**SUPPLIED RECORDS**
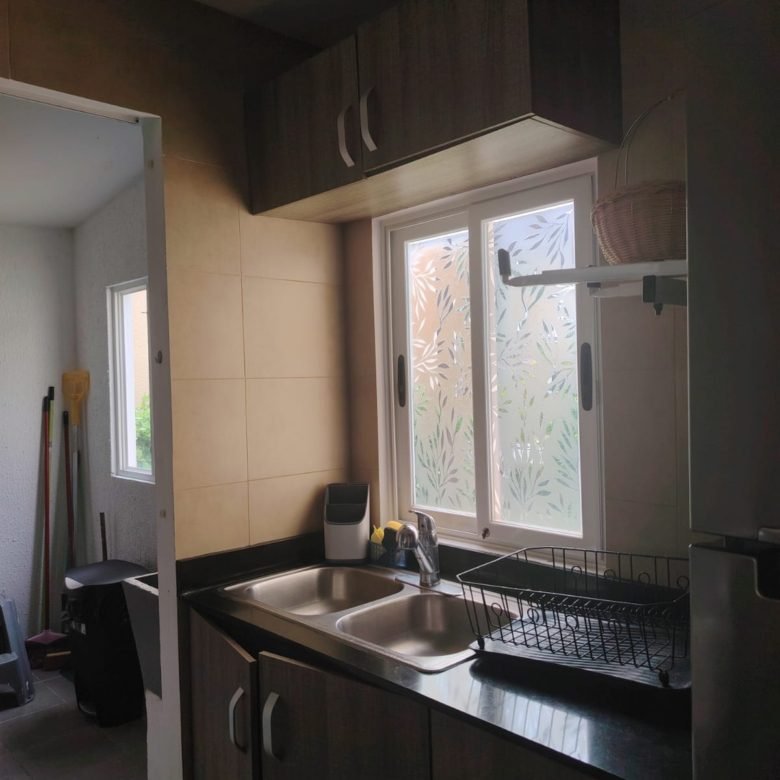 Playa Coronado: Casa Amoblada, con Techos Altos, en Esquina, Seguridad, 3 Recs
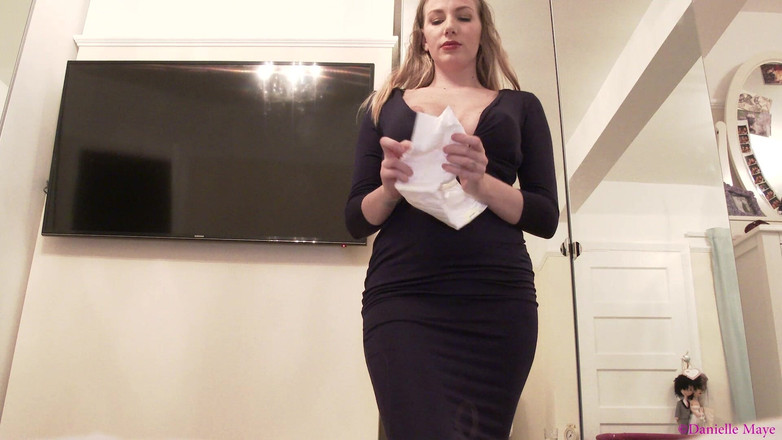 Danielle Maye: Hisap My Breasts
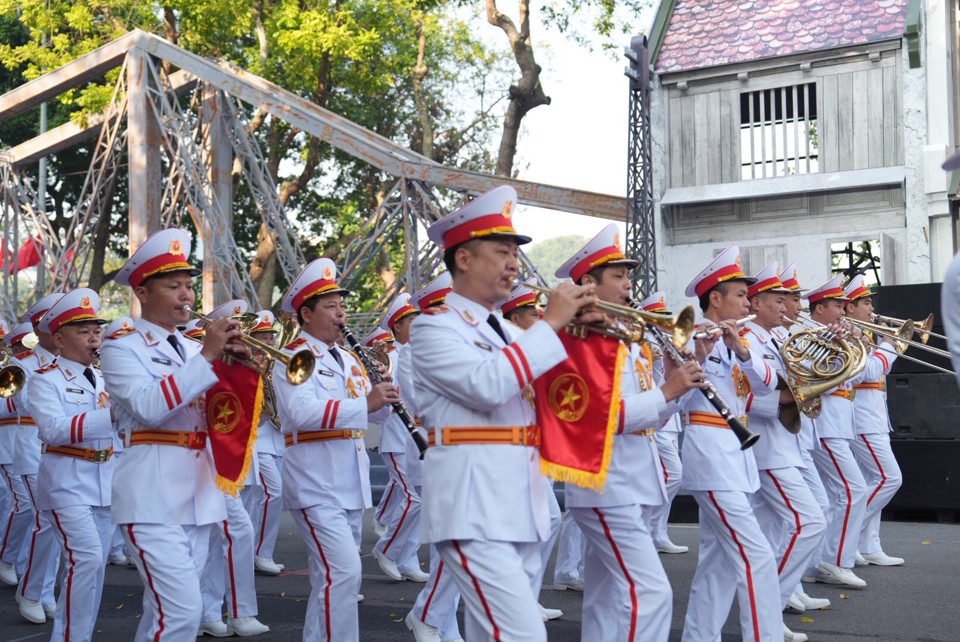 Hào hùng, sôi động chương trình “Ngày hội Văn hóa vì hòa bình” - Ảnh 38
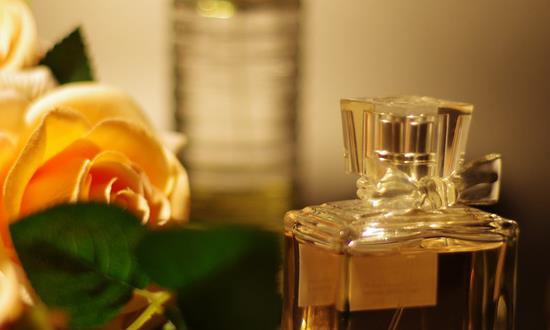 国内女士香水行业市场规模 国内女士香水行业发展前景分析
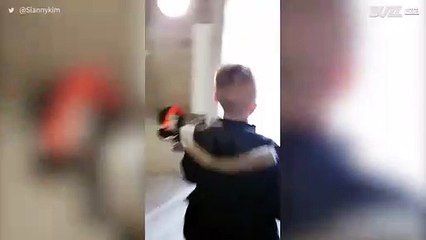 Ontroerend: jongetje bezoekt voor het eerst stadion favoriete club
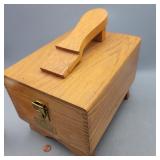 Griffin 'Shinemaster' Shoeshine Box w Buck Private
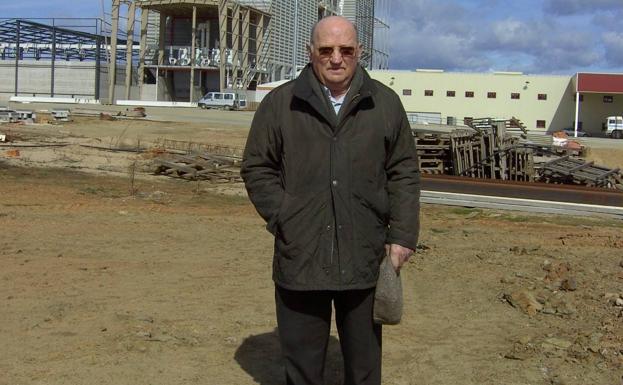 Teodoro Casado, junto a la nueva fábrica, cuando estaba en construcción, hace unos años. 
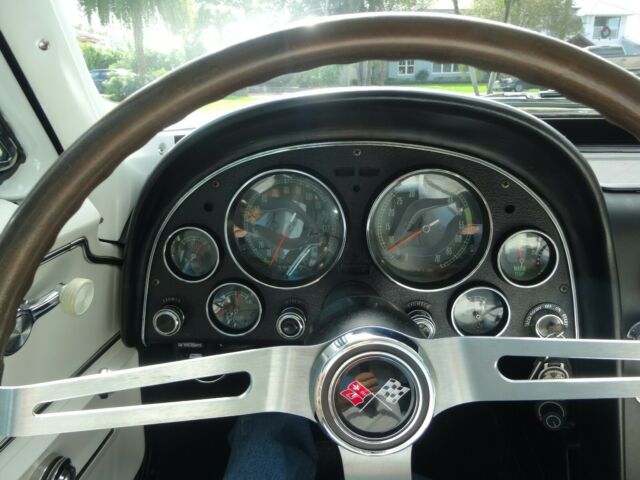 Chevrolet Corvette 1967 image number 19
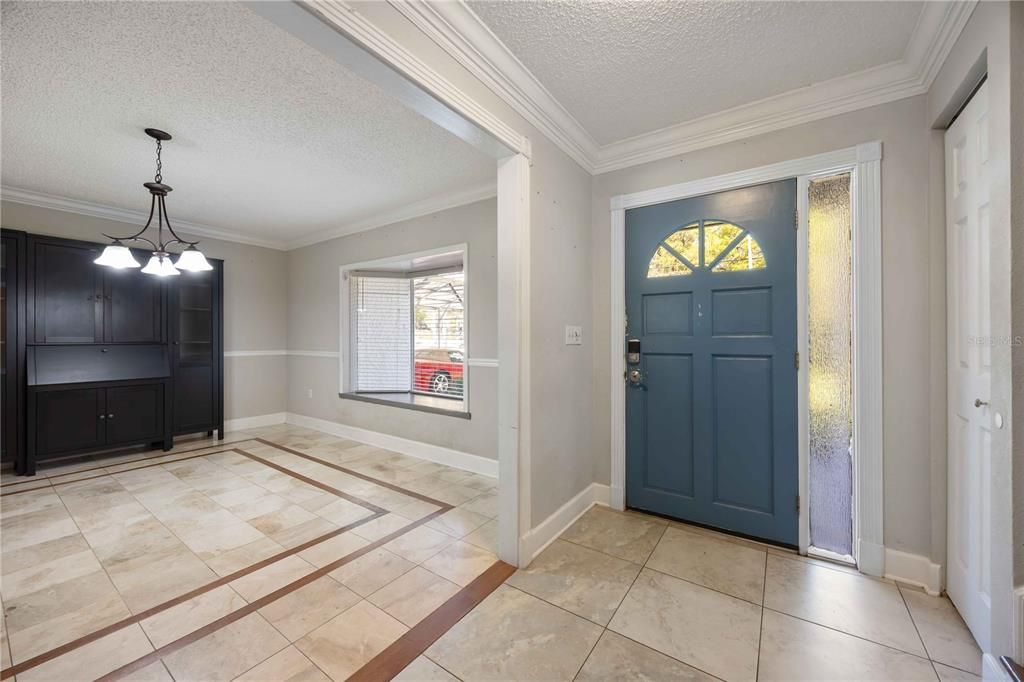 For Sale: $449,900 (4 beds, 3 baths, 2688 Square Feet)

---

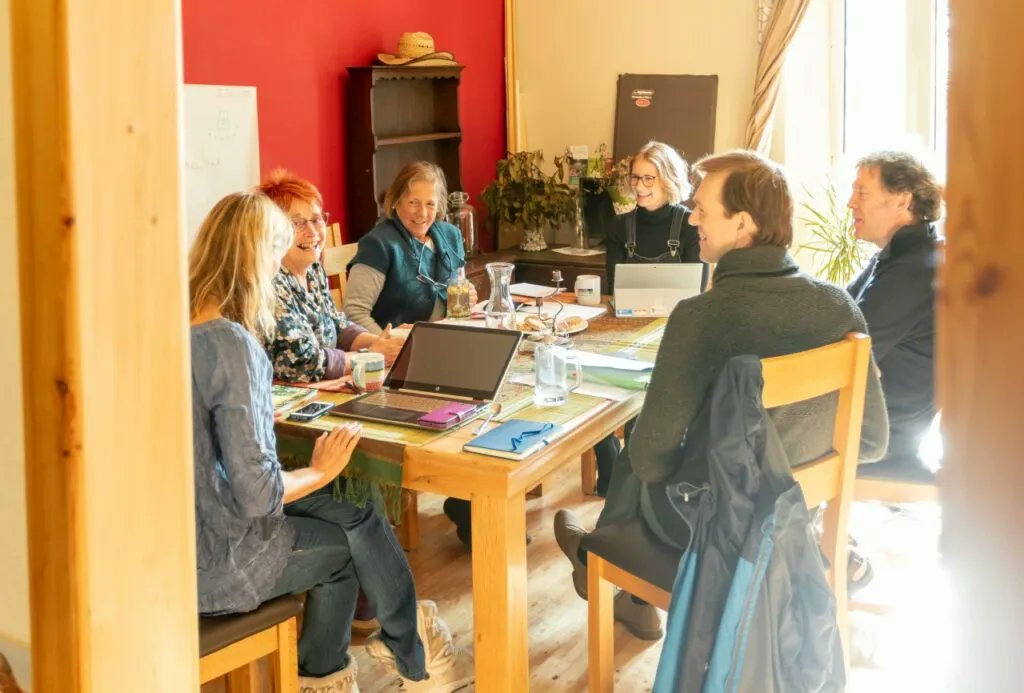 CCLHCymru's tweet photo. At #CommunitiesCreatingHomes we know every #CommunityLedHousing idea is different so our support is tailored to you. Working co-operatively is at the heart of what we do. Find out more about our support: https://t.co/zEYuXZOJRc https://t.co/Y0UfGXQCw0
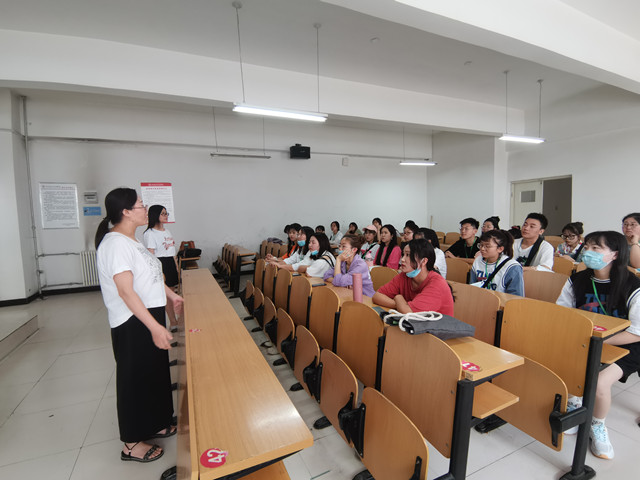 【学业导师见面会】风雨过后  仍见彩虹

---

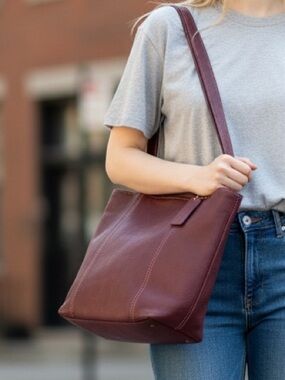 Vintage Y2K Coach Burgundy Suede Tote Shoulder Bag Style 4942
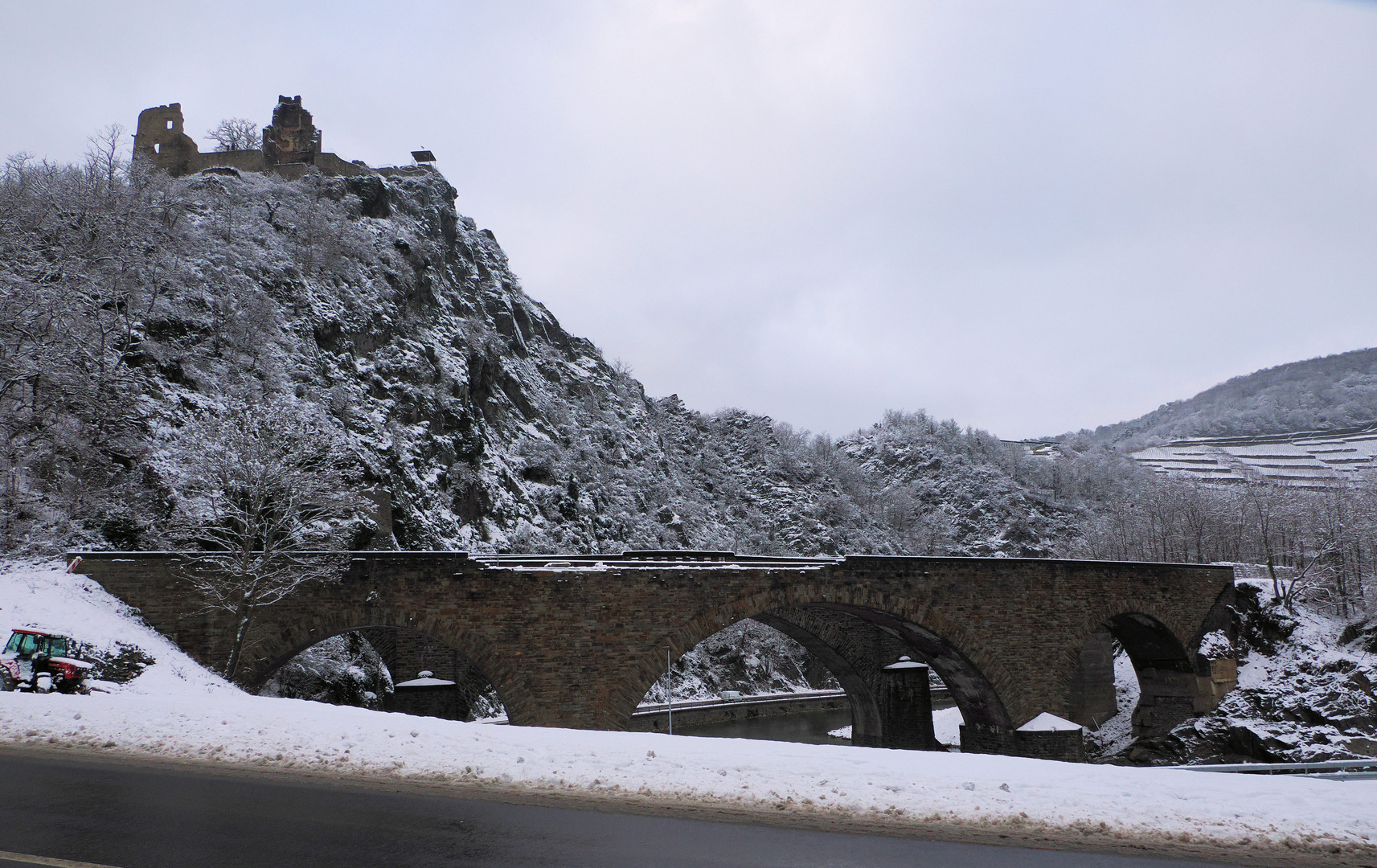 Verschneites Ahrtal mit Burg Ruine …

**WORK TO COMPLETE**
When you reach the line with "Playa Coronado: Casa" in the records above, begin repeating the lines exactly, and stop after the line with "For Sale: $449,900". Skip all pictures.

**PROBLEM SOLUTION**
 Playa Coronado: Casa Amoblada, con Techos Altos, en Esquina, Seguridad, 3 Recs
 Danielle Maye: Hisap My Breasts
 Hào hùng, sôi động chương trình “Ngày hội Văn hóa vì hòa bình” - Ảnh 38
 国内女士香水行业市场规模 国内女士香水行业发展前景分析
 Ontroerend: jongetje bezoekt voor het eerst stadion favoriete club
 Griffin 'Shinemaster' Shoeshine Box w Buck Private
 Teodoro Casado, junto a la nueva fábrica, cuando estaba en construcción, hace unos años. 
 Chevrolet Corvette 1967 image number 19
 For Sale: $449,900 (4 beds, 3 baths, 2688 Square Feet)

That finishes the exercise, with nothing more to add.